A few photo's from Donny for you all, certainly not the best photo's I've ever taken, as you'll see.

High res can be requested..............

DeanTT Donny pics


----------



## TTej (Sep 10, 2003)

awesome pics mate, only thing is non of mine


----------



## DeanTT (Sep 11, 2006)

TTej said:


> awesome pics mate, only thing is non of mine


Well if it wasn't cooped in it's nice warm hideaway I would have taken some pics 

I have a couple of yours, really bad though mate, want them anyway?


----------



## Dotti (Mar 9, 2003)

Lovely piccies Dean


----------



## TTej (Sep 10, 2003)

DeanTT said:


> TTej said:
> 
> 
> > awesome pics mate, only thing is non of mine
> ...


lol, i know :roll:

go on then, please.
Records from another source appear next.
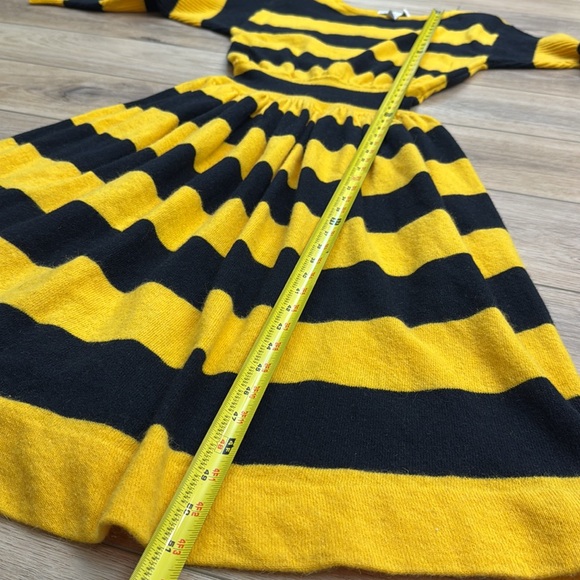 Vintage‎ Nicole Miller Wool Bumblebee Stripe Midi Dress Sweater Statement Twee - Picture 10 of 12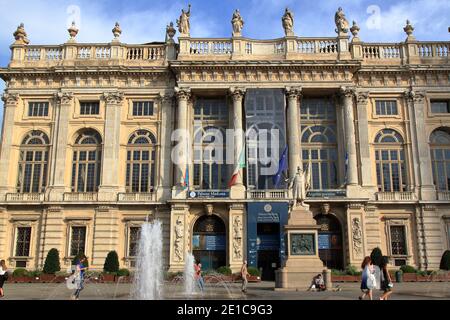 Turin, Italy - september 2020: facade of madame palace seen from Piazza Castello Stock Photo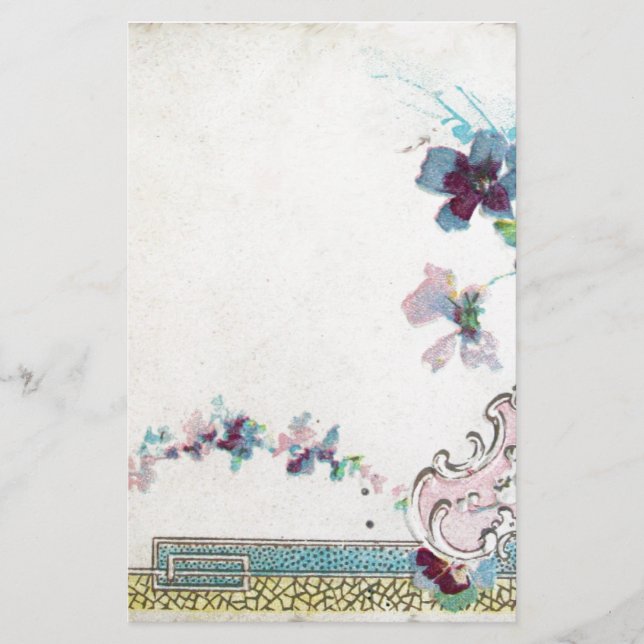 ROMANTİCA Elegant Wedding Flowers, Pansies White Stationery (Front)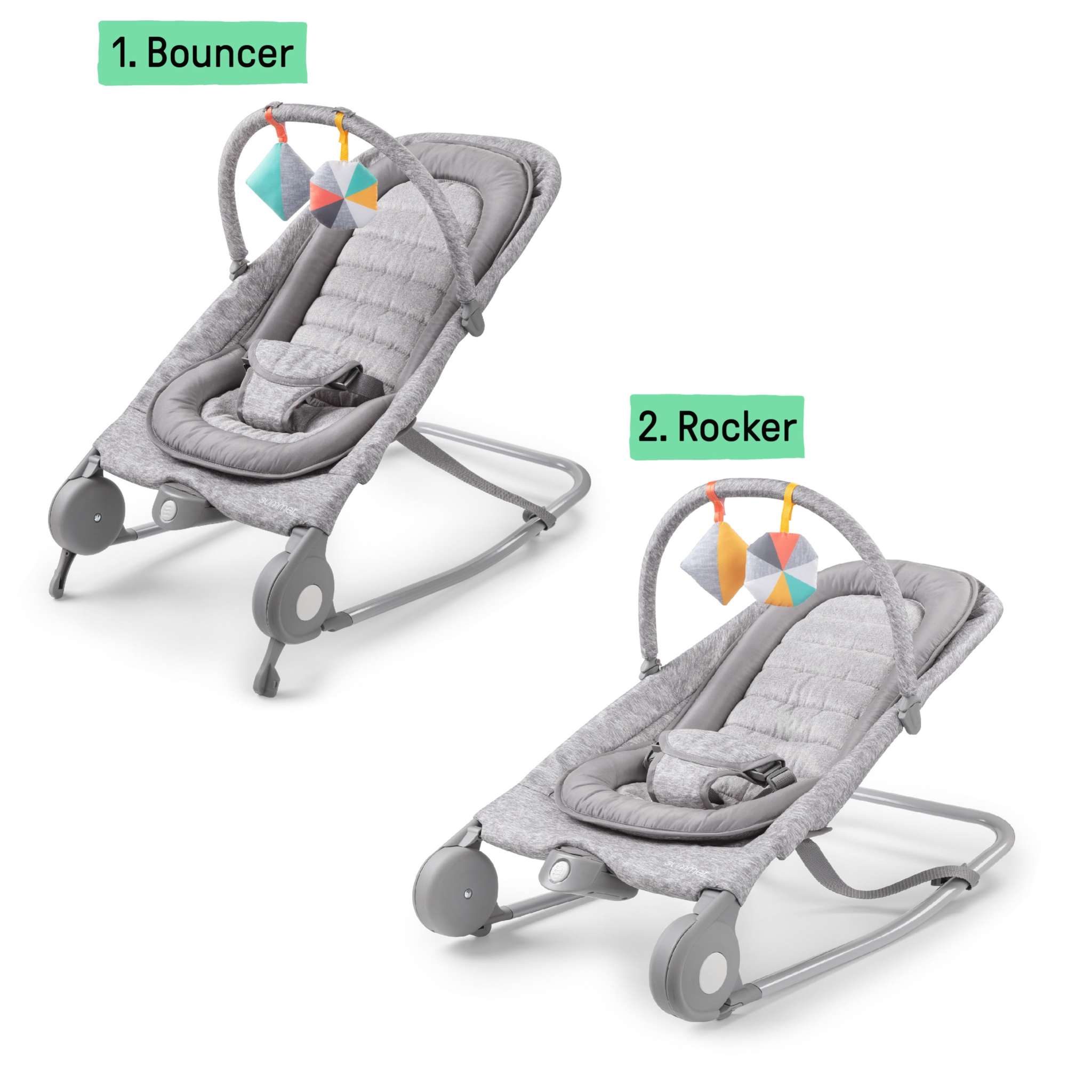 Summer 2-in-1 Bouncer & Rocker Duo in light gray tweed with toy bar and vibration feature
Even your worst are better than my best.


----------



## DeanTT (Sep 11, 2006)

TTej said:


> Even your worst are better than my best.


You haven't seen anything yet!!

I'll email you them tomorrow, they're still in Raw format so will need a bit of work


----------



## John-H (Jul 13, 2005)

Excellent pictures Dean and a great one of mine too  . You've got some great angles and movement is captured nicely - best I've seen so far


----------



## Testarossa (Mar 8, 2006)

Does any body know what wheels they are on that red tt ? You can just make them out.

Car must belong to somebody on here ?


----------



## DeanTT (Sep 11, 2006)

Testarossa said:


> Does any body know what wheels they are on that red tt ? You can just make them out.
> 
> Car must belong to somebody on here ?


The red MKII???

The wheels were like turbines but with more of a twist. Car belonged to a tuning company.


----------



## tehdarkstar (Jul 24, 2006)

Very nice pictures mate.

Interesting though that the only pictures of an MK2 in the track are mine. Same thing at I2I's web site: only mine or Miltek's...


----------



## DeanTT (Sep 11, 2006)

tehdarkstar said:


> Very nice pictures mate.
> 
> Interesting though that the only pictures of an MK2 in the track are mine. Same thing at I2I's web site: only mine or Miltek's...


I had a few of Miltek's tt as well. I may have a few of other MKII's but they'll be out of focus or something!


----------



## Adam RRS (May 25, 2006)

dean, can you e mail me the photo you took of me taking a photo of my car... you showed it to me on yr camera

cheers matey!


----------



## R70 TTC (Nov 30, 2006)

Hi Dean there are a couple of mine which I would love in high res if you have them. One is near the start lane (black TT R70 TTC) the other is a side view around the track with a colourful crash helmet. Email address is below. Cheers


----------



## DeanTT (Sep 11, 2006)

Photos emailed.


----------



## Adam RRS (May 25, 2006)

received...

Thanks mate!


----------



## John-H (Jul 13, 2005)

Thanks Dean [smiley=thumbsup.gif]


----------



## KenTT (Feb 20, 2005)

As always Dean, nicely shot & composed [smiley=thumbsup.gif] .


----------